▶ WORK TO BE COMPLETED:
Word for word, copy out the data below, omitting pictures.

▶ INPUT DATA:
══════════
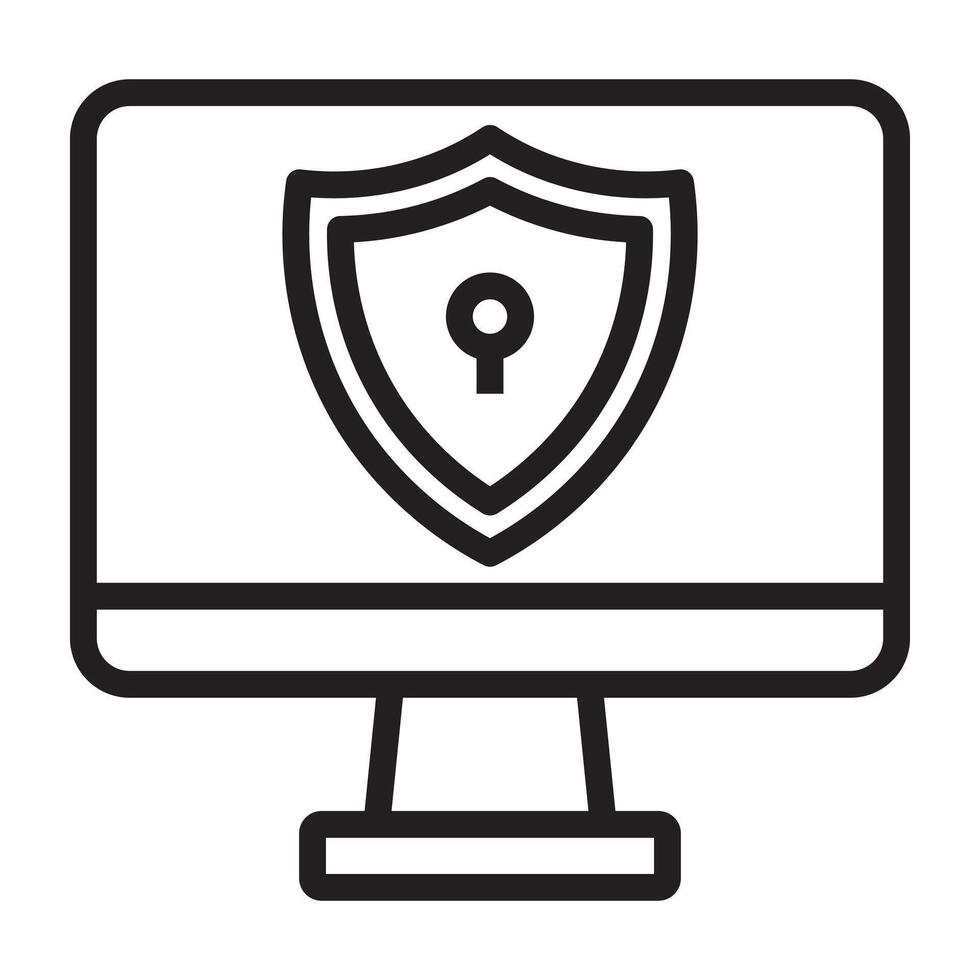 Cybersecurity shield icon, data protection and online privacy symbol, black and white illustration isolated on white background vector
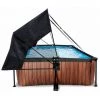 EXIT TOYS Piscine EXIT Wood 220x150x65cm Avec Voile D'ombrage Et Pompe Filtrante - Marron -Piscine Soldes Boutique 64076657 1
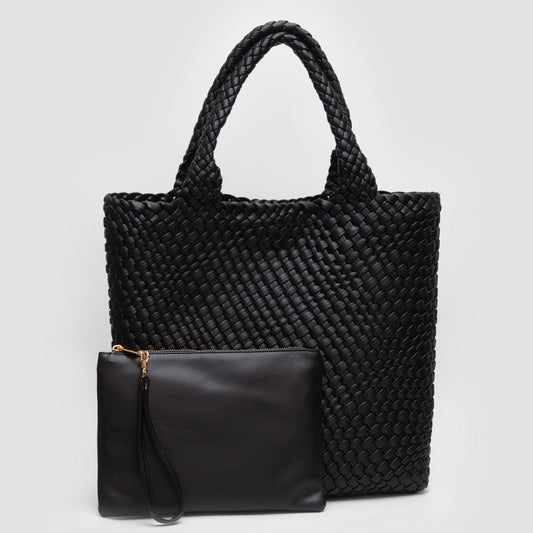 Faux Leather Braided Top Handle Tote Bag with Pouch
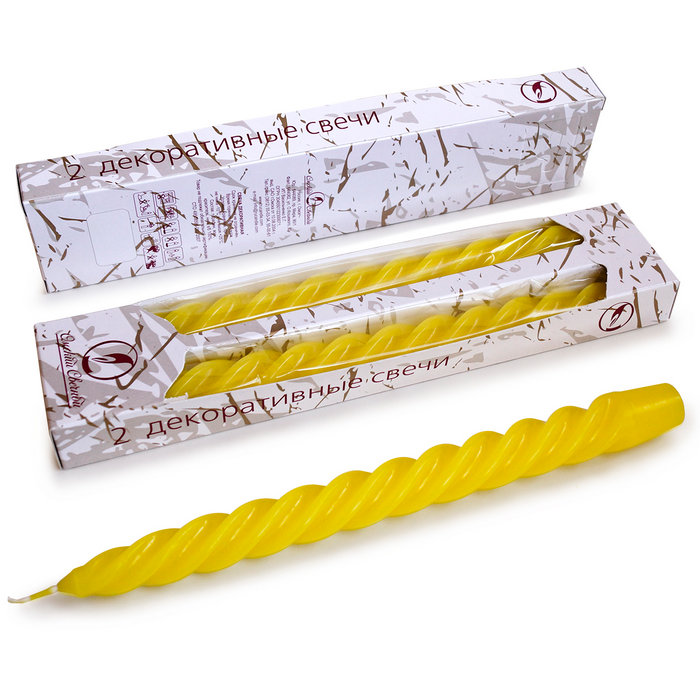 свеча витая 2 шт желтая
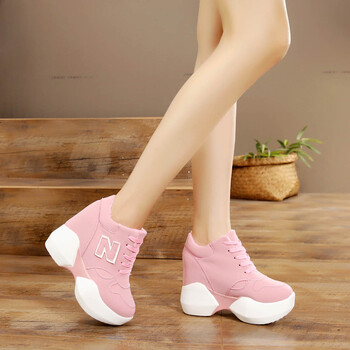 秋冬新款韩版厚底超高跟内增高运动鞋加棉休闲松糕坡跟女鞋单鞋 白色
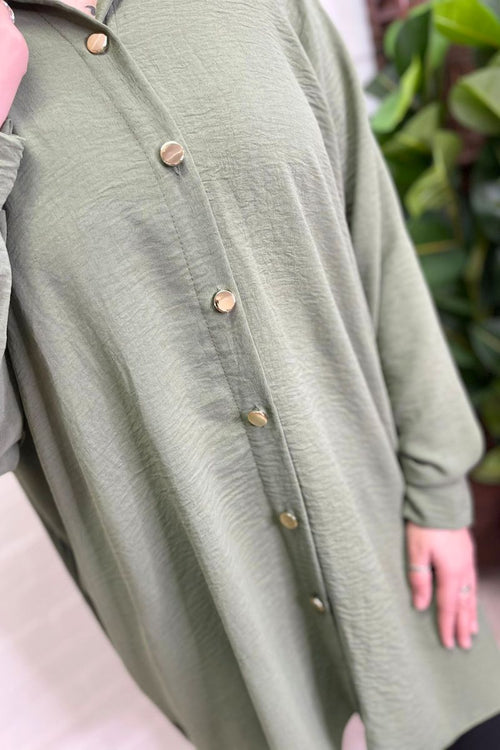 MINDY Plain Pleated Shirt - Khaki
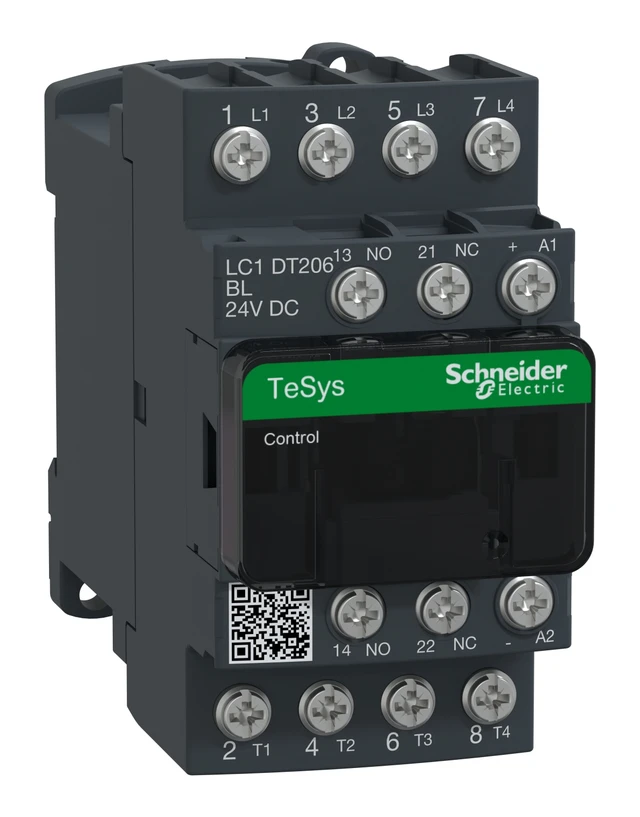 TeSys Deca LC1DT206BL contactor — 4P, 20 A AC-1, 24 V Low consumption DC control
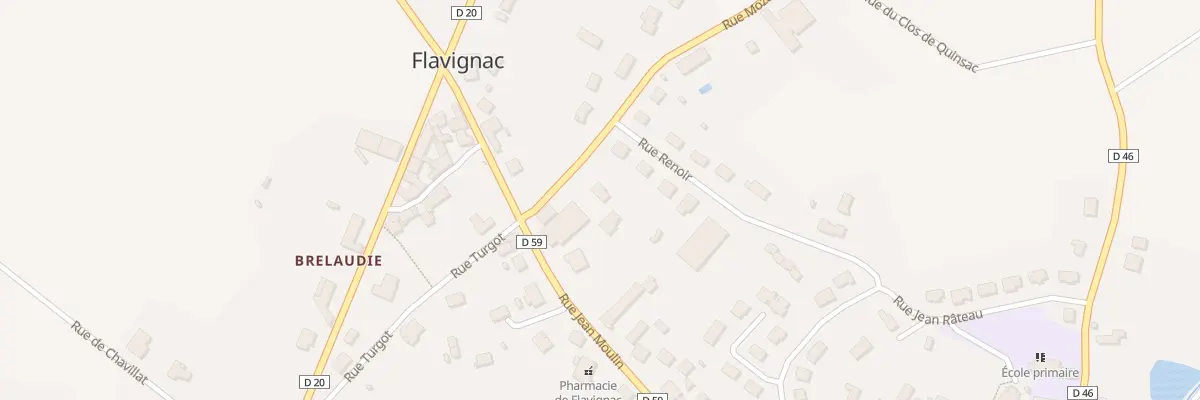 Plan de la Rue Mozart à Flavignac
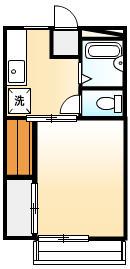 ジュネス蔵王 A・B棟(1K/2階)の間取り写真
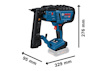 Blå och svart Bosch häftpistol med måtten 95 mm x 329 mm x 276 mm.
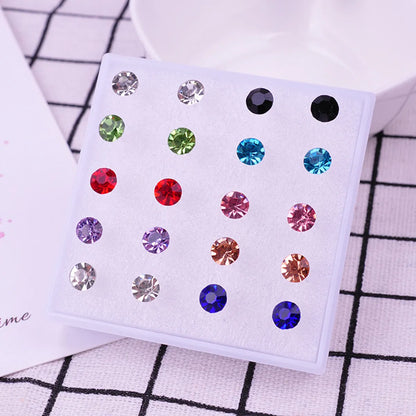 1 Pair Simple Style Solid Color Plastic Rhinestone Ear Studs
══════════
▶ RESULT BELOW:
 Cybersecurity shield icon, data protection and online privacy symbol, black and white illustration isolated on white background vector
 EXIT TOYS Piscine EXIT Wood 220x150x65cm Avec Voile D'ombrage Et Pompe Filtrante - Marron -Piscine Soldes Boutique 64076657 1
 Faux Leather Braided Top Handle Tote Bag with Pouch
 свеча витая 2 шт желтая
 秋冬新款韩版厚底超高跟内增高运动鞋加棉休闲松糕坡跟女鞋单鞋 白色
 MINDY Plain Pleated Shirt - Khaki
 TeSys Deca LC1DT206BL contactor — 4P, 20 A AC-1, 24 V Low consumption DC control
 Plan de la Rue Mozart à Flavignac
 ジュネス蔵王 A・B棟(1K/2階)の間取り写真
 Blå och svart Bosch häftpistol med måtten 95 mm x 329 mm x 276 mm.
 1 Pair Simple Style Solid Color Plastic Rhinestone Ear Studs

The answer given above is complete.